So the Times did all these articles called “Your Brain on Computers,” about how texting is basically like heroin. You know, it makes your brain stop focusing, and makes it hard to concentrate, but it is also impossible to stop concentrating on it! It makes you into more of a truthful person on personality tests (how do you measure “empathy” anyway?)! Some people are feeling like maybe there are both pros AND CONS to rapid and dramatic changes in human existence! And of course, technology is ruining children, but duh.
I think I’ve made it clear what I think of these issues above there, so, naturally, I was really excited to see the Steven Pinker had an Op-Ed arguing, it seemed, the other way. Steven Pinker! So fluid! So smart!

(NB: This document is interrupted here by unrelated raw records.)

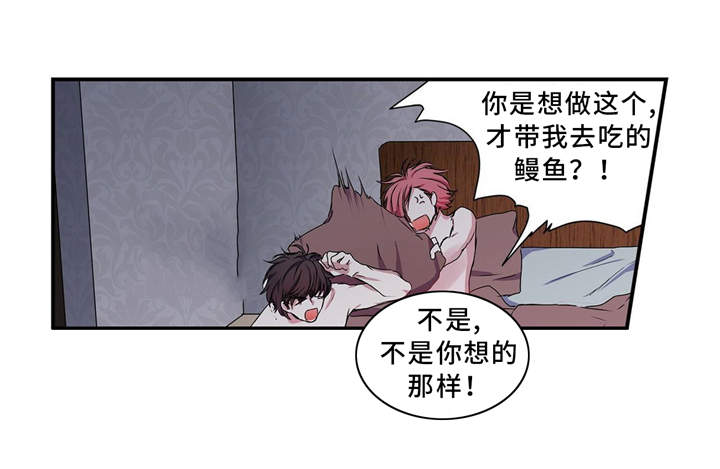 《特别研究》漫画最新章节第8章奖励免费下拉式在线观看章节第【4】张图片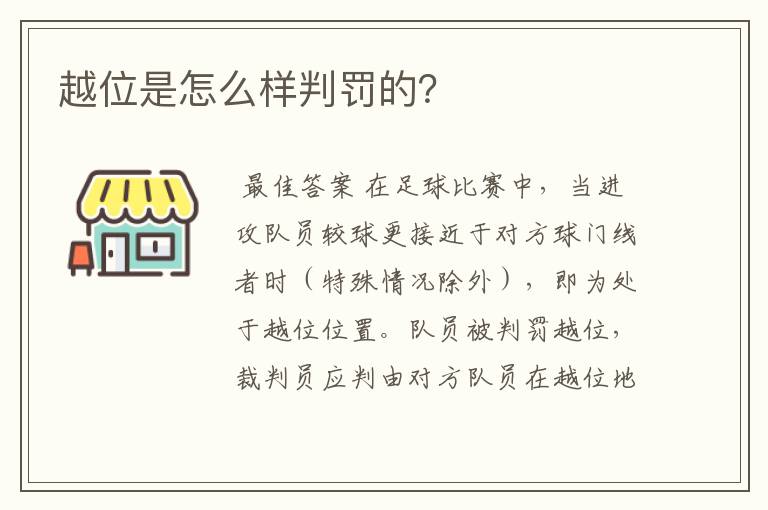 越位是怎么样判罚的？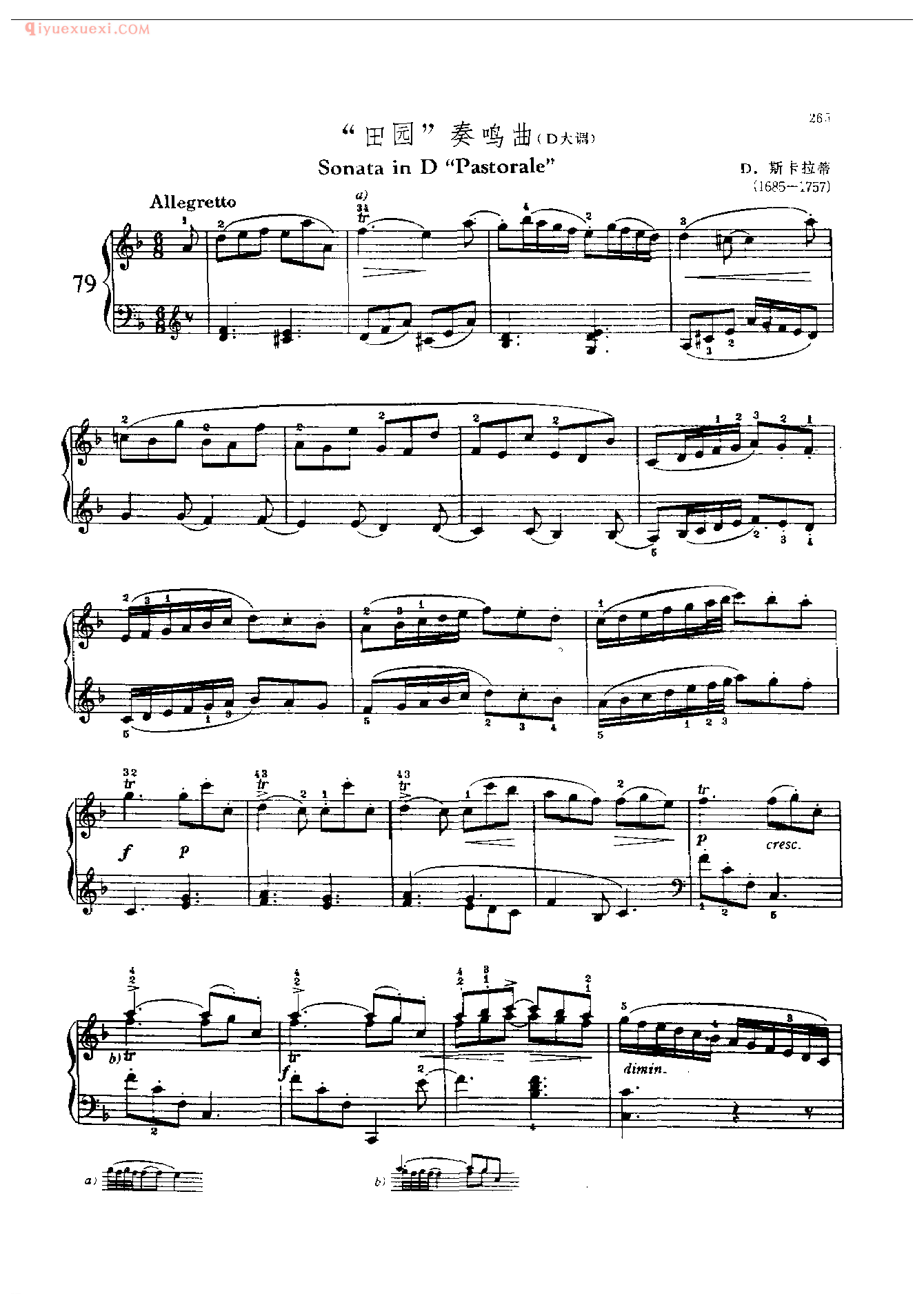 钢琴曲精选:田园奏鸣曲(D大调)(Sonata in D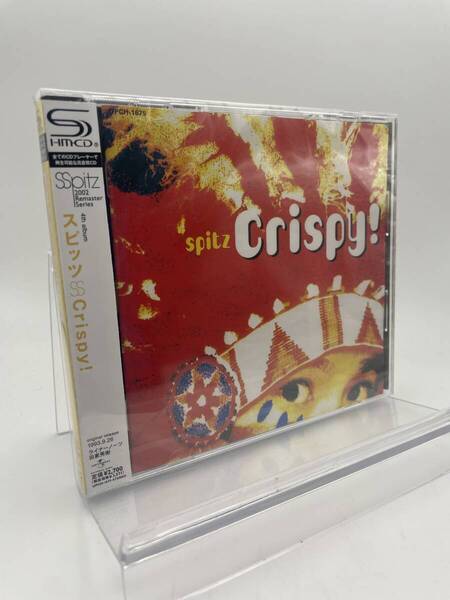 M 匿名配送 SHM-CD スピッツ CRISPY! 4988005544292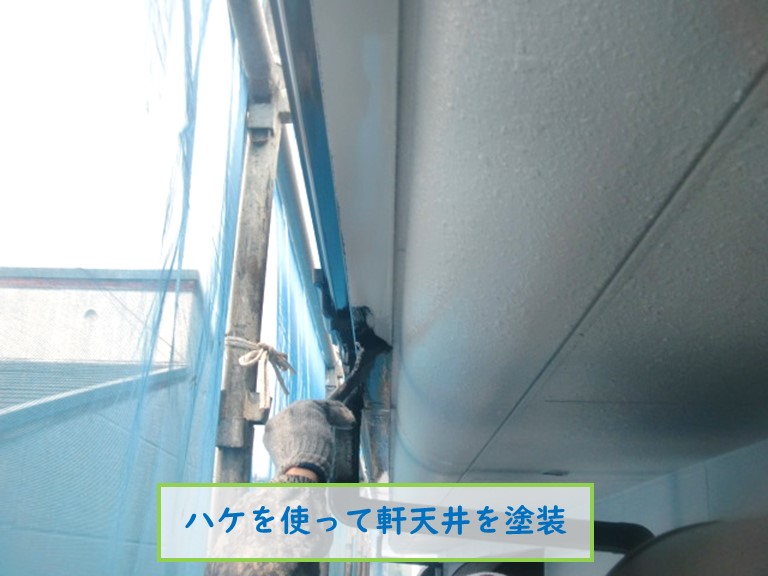高石市でハケを使って軒天井を塗装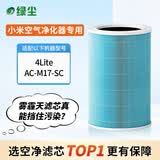绿尘 适配小米米家（MI）空气净化器4 lite/AC-M17-SC过滤网滤芯除醛除霾PM2.5除异味二手烟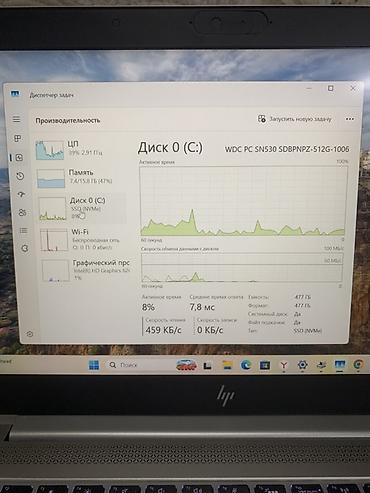 iphone pro max 14: HP EliteBook 840 G5 — тонкий 14-дюймовый бизнес-ноутбук в алюминиевом — 6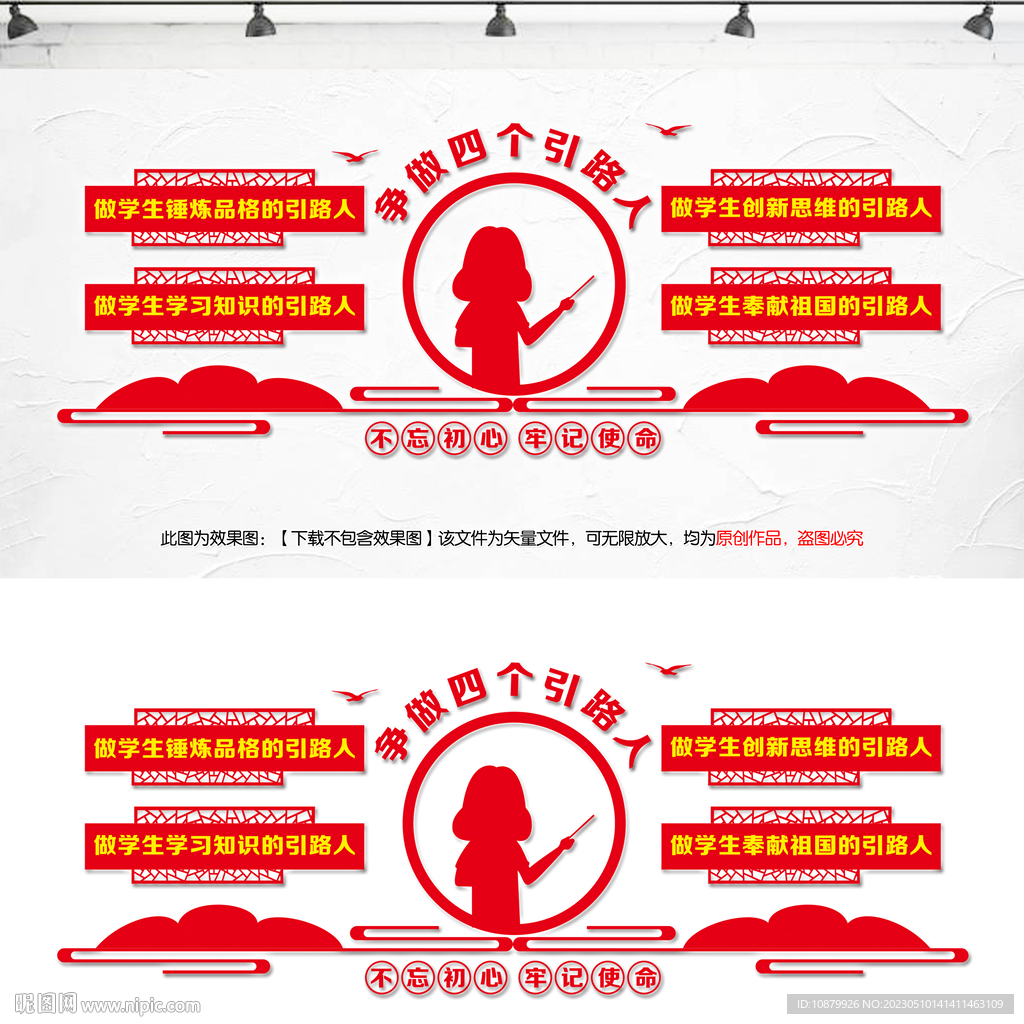 争做四个引路人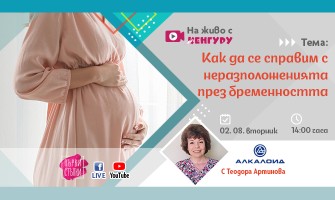 Как да се справите с неразположенията по време на бремеността е основната тема в предаването ПЪРВИ СТЪПКИ на 2 август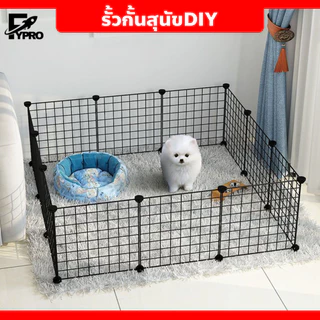 🐶 รั้วกั้นสุนัข😺 DIY รั้วกั้นสุนัข คอกกั้นสัตว์ บ้านหนูแกสบี้ กรง diy กรงสุนัข กรงกระต่าย กรงหมา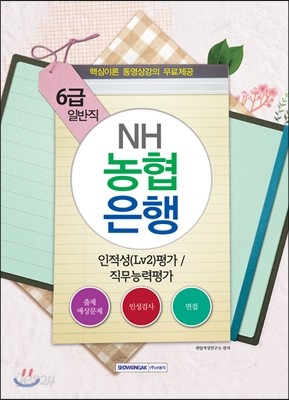 NH농협은행 6급 일반직 인적성(lv2)평가 및 직무능력평가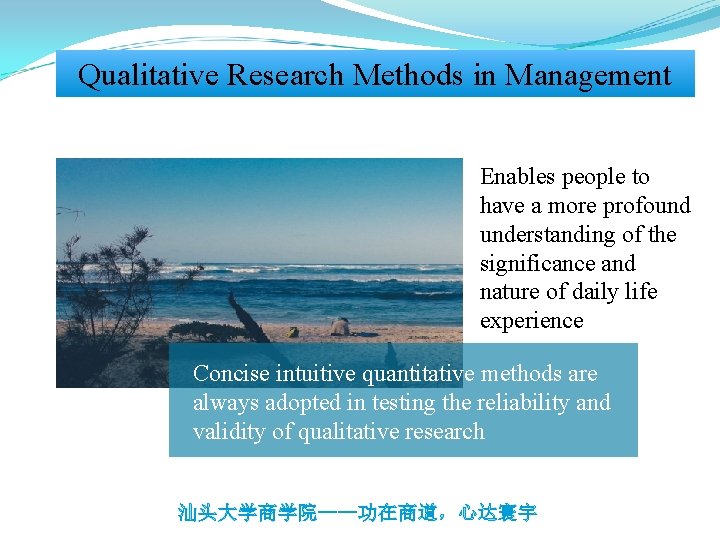 Qualitative Research Methods in Management Enables people to have a more profound understanding of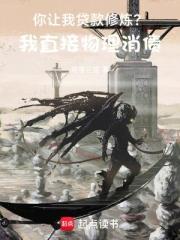 你让我贷款修炼？我直接物理消债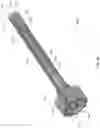 Fig. 06 - Stimulation therapy lead trial cable connector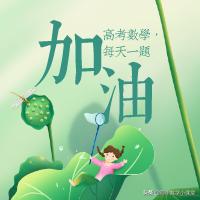 高考数学大题三角函数的解题方法,高考数学三角函数解题大招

So usually correct about the human mind!
Alas, like the Maureen Dowd article directly above him that day, his piece was pretty much a disappointment. (I’m thinking of buying a parrot to fly around major media outlets squawking, “(TEENAGE) GIRLS HAVE SEXUAL AGENCY!!” or something). Pinker focuses on the wrong issues, and draws data-driven analogies when the stuff he’s refuting is far too vague to deserve it. Of course, if you think for a second, people did not get dumber in any measurable way when the TV came out, and they won’t now that we have the internet, too. Yes, its ridiculous to turn information about concentration and focus in computer flashing tests into pronouncements about the death of deep thinking. But people feel unsettled about new things, and there is no doubt that the internet is changing our lives. Unsettledness doesn’t turn into science and reasonable facts, it turns into worry.
- Its ok, Steven, you’re still awesome.
A better rebuttal comes from Jonah Lehrer, who writes The Frontal Cortex, a blog my boyfriend reads. The point is, yes, the internet is changing our lives and how we think. But there have always been distractions in our lives, and different ways of getting information. Parents have long been ignoring their children, and people have never been good at prioritizing their ‘work’ over what they’d rather be doing. Only now, what they’re doing instead of work can encompass all kinds of amazing, globe-trotting, life-changing networks and information. Or Javanoid. Either way, people are still people – impatient, bitchy, easily distracted, constantly amazed and unsettled by the new.